I had a base plate made, the same size as the original. I then used the original bolts to secure it through the floor, then bolted to it a Fiamma base recessed into the floor.
I then bought different length poles, one for coffee table height and one for dining table height, two different size table tops and a tripod so that I could use them both outside.
The shorter pole is used outside to give a dining height or inside for coffee table height.
The only problem I find is that the pole fits so securely in the interior base plate, that it is a bit of a struggle to pull it out!!
Any ideas on this one would be appreciated.
Regards

Alshymer


----------



## Jodi1

Agree with what has been said, re tables and motorhomes. We have a U shaped lounge with a large heavy table which lived behind the drivers seat. Apart from being cumbersome, there was always a dog in the way and it was such a pain to heave up and down the van. We gave up in the end and managed to get off EBay, a caravan chest of drawers with the sliding table top. Our dining is now so easy and we've got our leg room back and the dogs happy. No help for the OP, but might help someone a U shaped lounge who may want to consider this.


----------



## Chausson

Hi Mike.

This is what I used when I removed our heavy table, I had an old table top which I chopped down to a suitable size, the base very closely fits the original table base on my van, I drilled other holes in the base plate to locate the holes in the floor.
One of the more useful jobs to have been done.

Ron


ebay item number.180986477509 I used the item at the top and the pole.
Here's another 170850403133


----------



## rocky58

Did away with my table and made lounging area.I use a overbed table I took the frame off and fitted it to the side of the wardrobe.When not in use it just folds down.It was a fiver off ebay and bought another so I could use the frame and feet with the table outside.


----------



## bognormike

thanks everybody; some novel ideas. I'm getting the bits ordered tomorrow to get the fiamma poles fitting as per javea. Hopefully put things together at the weekend, and then sort a carpet piece. Will post pics once I've completed.


----------



## carol

Mike too late for you, we bought a Lagan table leg, similar to the u shaped ones, but have never fitted it, had to get it from OZ. I hated the table, but did like the ability to lower it when typing....

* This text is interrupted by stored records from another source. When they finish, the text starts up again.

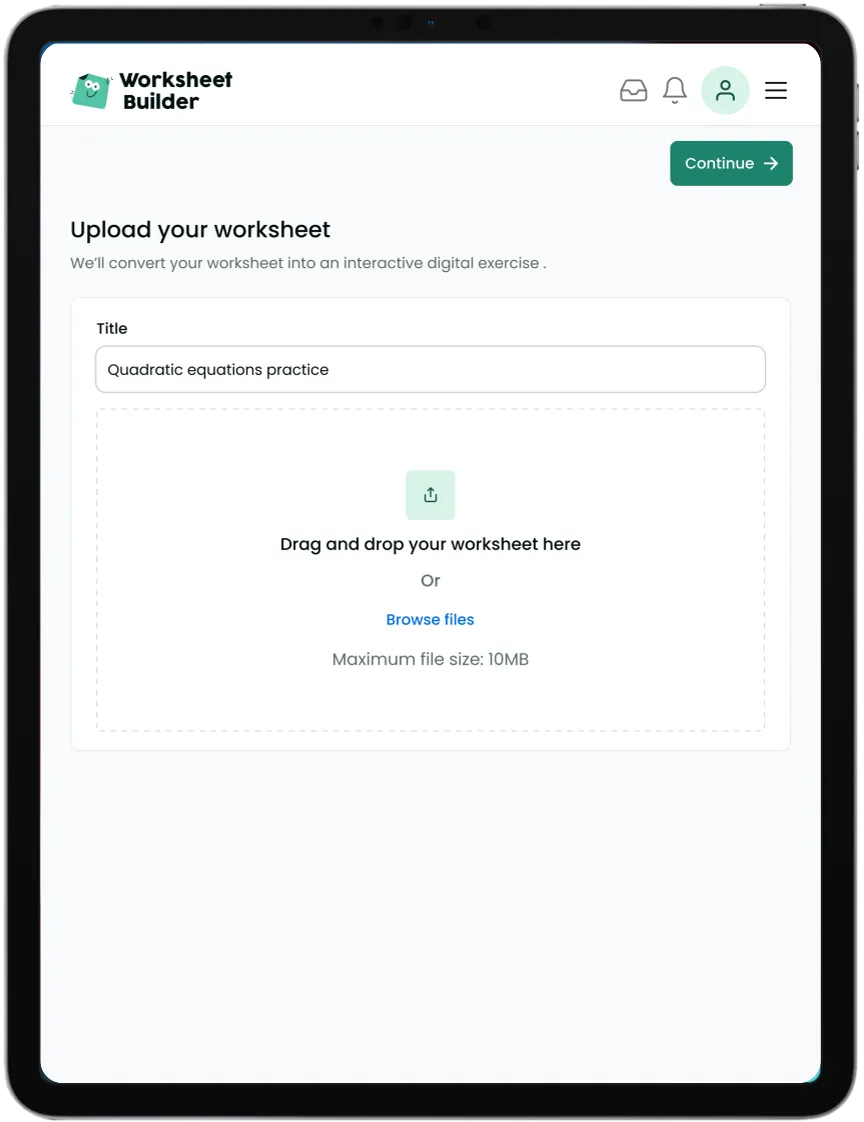 Worksheet Builder app on a tablet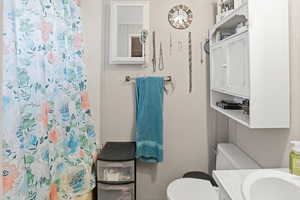 Bathroom featuring a shower with shower curtain and vanity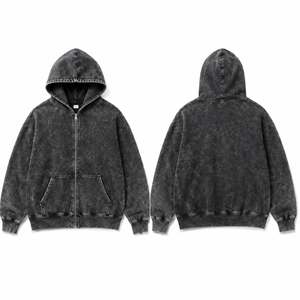 Fabricantes de Ropa Urbana, Sudadera con Capucha y Cierre Completo de Felpa Francesa 100% Algodón, Diseño de Alta Calidad con Lavado Ácido - Product Image 2
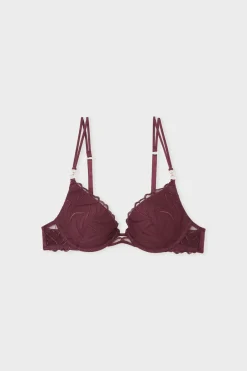 Sale ETAM Sujetador N.2: el push-up escote pronunciado con bordado floral MORADO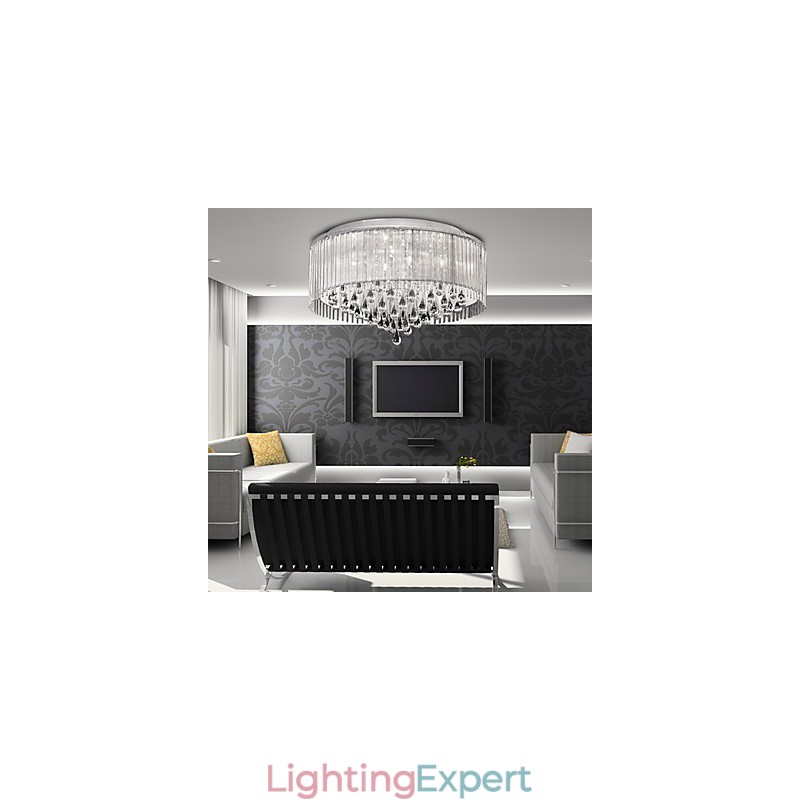 Elegant Crytal Pendant Light with 8 Lights in Cylinder Shade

Here is a link and also a utube is available. I thought it great

http://www.lenker.co.nz/table-legs-frames-xidc30867.html

I suppose I ought to eBay this as well

Carol


----------



## Gretchibald

The table from a Carthago Chic E line looks the job -- or better still get the whole van, one of the few that I would be tempted to trade up to.


----------



## bognormike

carol said:


> Mike too late for you, we bought a Lagan table leg, similar to the u shaped ones, but have never fitted it, had to get it from OZ. I hated the table, but did like the ability to lower it when typing....
> 
> Here is a link and also a utube is available. I thought it great
> 
> http://www.lenker.co.nz/table-legs-frames-xidc30867.html
> 
> I suppose I ought to eBay this as well
> 
> Carol


thanks Carol. I don't think I could fit that in the seating area, but it may well have been what a previous owner had done - on the end of the seating (at the driving end!) there are two blocks that have had something fixed there - I thought it might have been one of those swinging arm side tables.


----------



## javea

bognormike said:


> carol said:
> 
> 
> 
> Mike too late for you, we bought a Lagan table leg, similar to the u shaped ones, but have never fitted it, had to get it from OZ. I hated the table, but did like the ability to lower it when typing....
> 
> Here is a link and also a utube is available. I thought it great
> 
> http://www.lenker.co.nz/table-legs-frames-xidc30867.html
> 
> I suppose I ought to eBay this as well
> 
> Carol
> 
> 
> 
> thanks Carol. I don't think I could fit that in the seating area, but it may well have been what a previous owner had done - on the end of the seating (at the driving end!) there are two blocks that have had something fixed there - I thought it might have been one of those swinging arm side tables.
Click to expand...

If the blocks you are referring to comprise a round metal socket on the wall replicated on the front face of the settee they are there to hold a sort of guard rail that holds a small bolster type cushion. Should be similar on the other side settee.

Mike


----------



## bognormike

javea said:


> bognormike said:
> 
> 
> 
> 
> 
> carol said:
> 
> 
> 
> Mike too late for you, we bought a Lagan table leg, similar to the u shaped ones, but have never fitted it, had to get it from OZ. I hated the table, but did like the ability to lower it when typing....
> 
> Here is a link and also a utube is available. I thought it great
> 
> http://www.lenker.co.nz/table-legs-frames-xidc30867.html
> 
> I suppose I ought to eBay this as well
> 
> Carol
> 
> 
> 
> thanks Carol. I don't think I could fit that in the seating area, but it may well have been what a previous owner had done - on the end of the seating (at the driving end!) there are two blocks that have had something fixed there - I thought it might have been one of those swinging arm side tables.
> 
> Click to expand...
> 
> If the blocks you are referring to comprise a round metal socket on the wall replicated on the front face of the settee they are there to hold a sort of guard rail that holds a small bolster type cushion. Should be similar on the other side settee.
> 
> Mike
Click to expand...

hmm, interesting! Not a metal plate, just a wooden block with screw holes in.


----------



## bognormike

after a bit of waiting for Fiamma parts and getting the time to do things, I've finally fitted the new table and carpet. Pictures below
(3713) the floor with the Fiamma "cone" screwed in place - it sticks up a little, but it's not in the main walk-thorugh. The carpet was an offcut from a local shop, trimmed to shape.
(3714) is the table in place - as per Mike's suggestion the cone fitted to the table top is offset so it can be used on the L-shaped sofa or across to the long one as well. Table top is 50 x 75 from Rainbow conversions; Fiamma pole (new lightweight aluminium with palstic ends) and cones from Premier Motorhomes (although I could have got them from Rainbow as well). The table stows away neatly in the wardrobe, with a piece of wood fitted to floor to slot into, and a turnbuckle to lock it in place at the top; the pole is on a clip behind the drivers door.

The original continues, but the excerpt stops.